Does Egypt need to borrow more money? That’s the billion-dollar question preoccupying citizens and economists.
At the Egypt Petroleum Show on Feb. 11 in Cairo, Tarek Amer, the Central Bank of Egypt governor, said Egypt and the International Monetary Fund are discussing possible IMF technical support for the government’s structural reform program aimed at reducing bureaucracy.
News reports had indicated that Egypt had been expected to negotiate with the IMF on a new loan, but in a Jan. 29 interview on DMC TV, Amer said Egypt had turned down the IMF’s offer because the country no longer needs funding.
Amer acknowledged on DMC that Egypt definitely had needed funding in 2016, when it battled a severe economic crunch amid a shortage in foreign currency reserves.

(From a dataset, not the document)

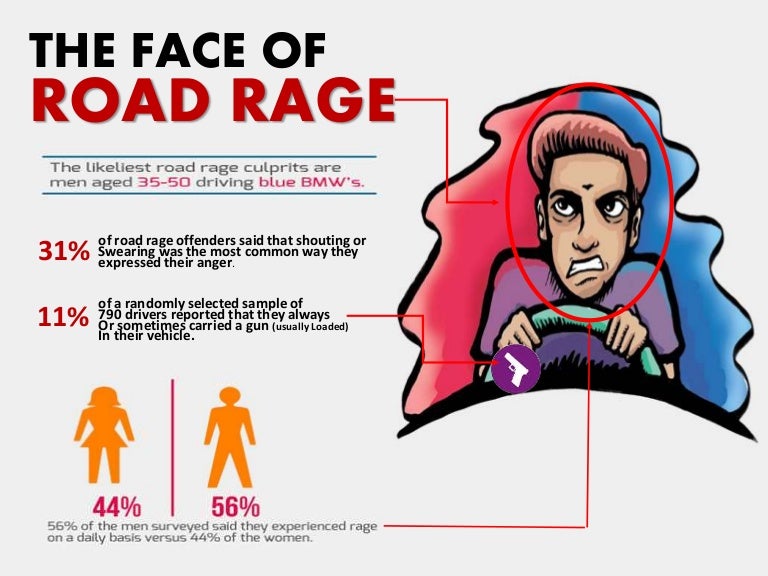 Powerpoint Presentation The Face of Road Rage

At that time, Egypt had agreed with the IMF on a $12 billion extended arrangement to be disbursed in tranches over three years. The IMF loan, among others taken out by Egypt from different bodies and countries, aimed to allow Egypt to pay off its outstanding debts to several countries, donors and petroleum companies and to increase its cash reserves. The economic reform program it implemented aimed to improve Egypt’s credit rating and allow it to implement development projects and improve its road and utility networks.
The conditions of the 2016 IMF loan included liberalizing the Egyptian currency exchange rate against foreign currencies, ending subsidies on many services and products provided to citizens, increasing tax revenues and reducing the role of the state in the Egyptian economy while broadening that of the private sector through the privatization of some government companies.
Under these conditions, average annual inflation jumped from 10.4% in 2015 to 13.8% in 2016, then to 29.5% in 2017 — the highest level in the history of the Egyptian economy — before falling to 13.8% in 2018 and plummeting to 3.1% in October 2019.
As a result of the inflation from 2016 into 2018, the purchasing power of many Egyptians shrank. At the end of the 2017/2018 fiscal year, 32.5% of Egyptians were living below the poverty line, compared with 27.8% in 2015.
Al-Monitor asked Uma Ramakrishnan, IMF’s mission chief for Egypt, about potential IMF financing alternatives for Egypt, if and when needed. “Egypt’s foreign currency reserves exceeded their highest historical levels. Egypt has full access to international capital markets to meet its needs,” she said via email.
Egypt’s Central Bank reported that at the end of 2019, the country’s foreign reserves exceeded $45.4 billion.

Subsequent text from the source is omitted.